A exaustão dos investimentos no fim desse legítimo “real business cycle”, a insuficiência de demanda e a fulminante queda da produção e do emprego, desembocando em uma Grande Depressão, a exemplo do que teria ocorrido em 1929, configuravam o problema de Keynes. Em uma posterior reinterpretação da tragédia dos anos 30, que denominou a Grande Contração, Milton Friedman atribuiu aos erros do Fed a degeneração de uma sequência de quebra de bancos em um buraco negro que engoliu os meios de pagamento e a circulação do crédito, desorganizando a produção e o emprego.

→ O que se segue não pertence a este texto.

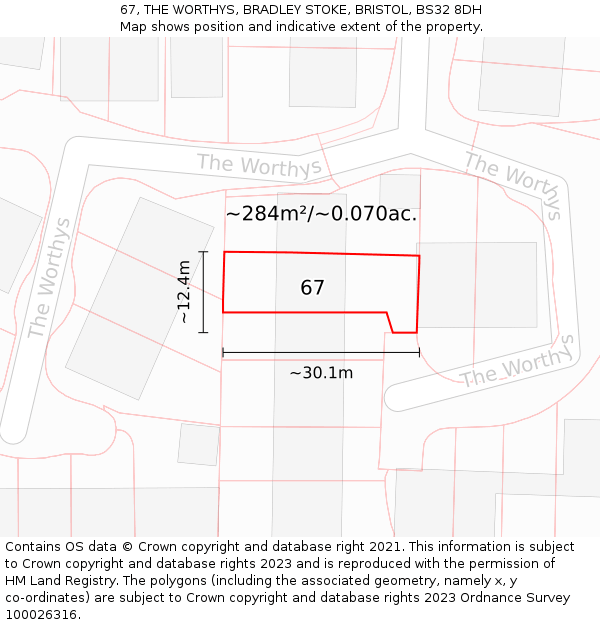 67, THE WORTHYS, BRADLEY STOKE, BRISTOL, BS32 8DH: Plot and title map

Pois bem, em 2002 o pragmatismo recomendava apostar as fichas na síntese de Keynes e Friedman. Bush, o Senhor da Guerra, disparou o gatilho fiscal, e Greenspan, o Senhor dos Mercados, o gatilho monetário, com juros exageradamente baixos por tempo demasiadamente longo. O experimento parecia inequivocamente bem-sucedido: a reaceleração da economia americana e a sincronização do crescimento global no período 2003-2007 em ritmo superior a 4% a.a., em anos consecutivos, evento inédito no pós-guerra. Mas “o avanço do conhecimento se dá de antigos problemas para novos problemas, por meio de conjecturas e refutações”, observa Karl Popper, em “Evolução e a árvore do conhecimento” (1961).
Temos novos problemas. O “crash” das bolsas, a crise imobiliária, o “crunch” do crédito, a quebra do sistema financeiro americano e a asfixia dos consumidores pelo endividamento excessivo ocorreram APÓS doses exageradas do remédio monetário. Sabemos agora o que teria ocorrido nos anos 30, ante o enfraquecimento dos “animal spirits”, o instinto vital dos empreendedores, se o Fed, em vez da paralisia, tivesse ido ao outro extremo, o da hiperatividade.